Casa de mi Padre
2012年 アメリカ 84分
監督:マット・ピードモント
父親の牧場で牧童をしているアルマンド・アルヴァレスは父親からバカ扱いされ、一方父親の愛情を一身に受ける弟のラウルは都会から美女ソニアを連れて戻り、ラウルがソニアと結婚するつもりだと聞いてラウルを愛するアルマンド・アルヴァレスはソニアの動機に疑問を抱くが、ソニアはアルマンド・アルヴァレスにラウルの正体が麻薬の密売人であることを告げ、アルマンド・アルヴァレスがそのことでラウルを問い詰めると事実を認め(ただしメキシコでは売っていない、アメリカ人に売っているだけ)、ラウルが帰郷したのは地元で麻薬の密売を取り仕切るオンサから縄張りを奪うためであることがわかり、さらにソニアがオンサの姪で、オンサがソニアとの結婚を計画していたこともわかり、ラウルにソニアを奪われたオンサはラウルの配下を殺害し、アルマンド・アルヴァレスの前には地元の警察の署長とアメリカの麻薬取締局の捜査官が現われてラウルの行動を監視するように脅迫し、アルマンド・アルヴァレスがラウルにかかわる事実を告げると怒った父親はアルマンド・アルヴァレスを家から追い出し、ラウルとソニアの結婚式は自動火器で武装した集団の襲撃を受けて血の海になり、ソニアは一家に不幸を呼び込んだことを嘆いて死を決意するものの、そこへ現れたアルマンド・アルヴァレスに救われて愛を交わす関係になり、愛を交わして寝転んでいるところへオンサと警察署長が現われてアルマンド・アルヴァレスを殺してソニアを奪い、アルマンド・アルヴァレスの死体にコヨーテが襲いかかるとそこへ伝説の白いヤマネコが現われて戦いになり、するといきなり画面がとまって三日間かけて撮影した戦いの場面はコヨーテの調教に失敗したりコカインをなめたトラがスタッフを食ったりといったような理由で公開できないという撮影助手の長い言い訳がテロップで流れ、ともあれヤマネコに救われてよみがえったアルマンド・アルヴァレスは家に戻って父祖伝来のウィンチェスターを取り、ソニアを救うためにオンサの屋敷へ出かけていく。
製作・主演がウィル・フェレル、監督は『サタデー・ナイト・ライブ』出身のマット・ピードモント。アメリカ映画だけどダイアログはほぼ全編スペイン語で、だからウィル・フェレルもスペイン語を話している。

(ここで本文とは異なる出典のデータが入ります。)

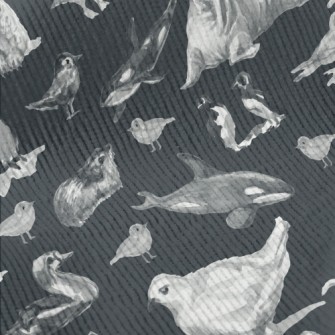 Watercolor Hand Drawn Birds Standard Corduroy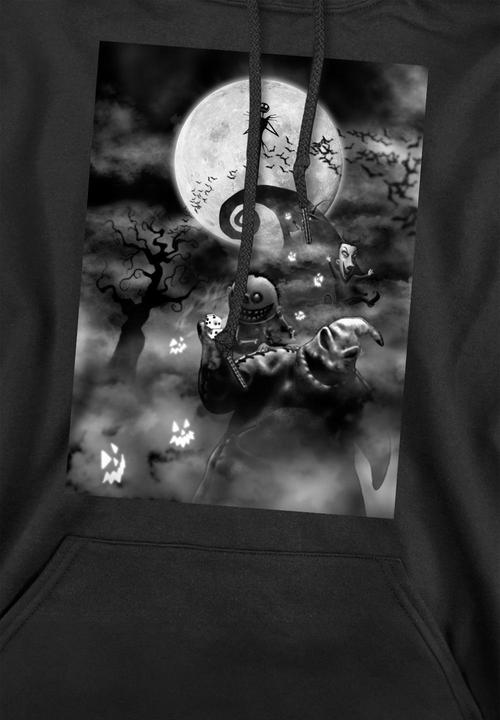 Actual product image The Nightmare Before Christmas Mens Jack Oogie Boogie Hoodie (XL)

おそらく50年代の粗悪な西部劇か、その延長線上にあるメキシコ製のリソースをいじることを目的にしていて、その点で方向性は『グラインドハウス』に似通っていると言えなくもないが、たぶんこちらのほうがより悪趣味で、だから馬上のシーンのアップではいまどきないようなはりぼての馬が使われ、屋外シーンもわざとらしくセットを使って、しかもそのセットのホリゾントは継ぎ目がしっかりとずれている。サングラスをかけた男の顔がなぜかアップになるとそのサングラスに撮影クルーがしっかりと映り込んでいるし、車上のシーンももっぱら安さを強調したスクリーンプロセスで、しかも違う場面で同じフィルムが使われているので同じ車とすれ違う。加えて無意味なワイプ処理、無意味なスプリットスクリーン、乱暴なアップと悪夢のような場面の連続で、へたくそを真似るために相当に頭を絞ったのではあるまいか。とどめは伝説のヤマネコで、これがかなりみっともないアニマトロニクスで、それをわざわざジム・ヘンソンの工房に頼んでいるのには恐れ入った。
はっきり言ってあまりほめる気にはなれないが、かなりのおばか映画で、その点に関する限りこれはけっこうツボであった。